Pour le Cercle de Réflexion Interarmées (4)

Général de Brigade aérienne (2S) Grégoire Diamantidis

 

Notes

1- Organisation du Traité de l’Atlantique Nord, structure militaire de l’Alliance Atlantique.

2- Traité de Moscou: ou « traité deux plus quatre », signé le 12 septembre 1990 à Moscou, entre les représentants des deux Allemagnes et ceux des quatre puissances alliées de la Seconde Guerre Mondiale, est le «traité portant règlement définitif concernant l’Allemagne» qui a ouvert la voie à la réunification allemande et fixé le statut international de l’Allemagne unie.

3-Opération «Force Alliée» . Cette opération, décidée par l’OTAN, après l’échec des négociations entre les indépendantistes kosovars et la Serbie sous l’égide de l’OSCE (Conférence de Rambouillet 6 février-19 mars 1999) , fut déclenchée sans mandat de l’ONU, le 24 mars sur la base d’une vaste campagne dans les médias occidentaux, concernant un plan d’épuration ethnique (plan Potkova) mené à grande échelle au Kosovo par la Serbie. Plan qui se révéla par la suite, avoir été fabriqué de toute pièce par les services secrets bulgares et allemands .

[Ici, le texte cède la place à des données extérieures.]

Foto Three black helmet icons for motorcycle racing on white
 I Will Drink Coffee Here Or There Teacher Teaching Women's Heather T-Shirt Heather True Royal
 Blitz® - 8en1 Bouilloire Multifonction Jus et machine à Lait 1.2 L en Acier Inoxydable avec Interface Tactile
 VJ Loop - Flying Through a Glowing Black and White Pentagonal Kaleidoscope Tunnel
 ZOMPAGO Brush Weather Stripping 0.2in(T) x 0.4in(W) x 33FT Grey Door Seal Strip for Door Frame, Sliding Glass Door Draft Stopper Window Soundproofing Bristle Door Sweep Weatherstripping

4- Le Cercle de Réflexion Interarmées (CRI), est un organisme indépendant des instances gouvernementales et de la hiérarchie militaire. Il regroupe des officiers généraux et supérieurs des trois armées ayant quitté le service et quelques civils et a pour objectif de mobiliser les énergies, afin de mieux se faire entendre des décideurs politiques, de l'opinion publique et contribuer ainsi à replacer l'Armée au cœur de la Nation dont elle est l'émanation.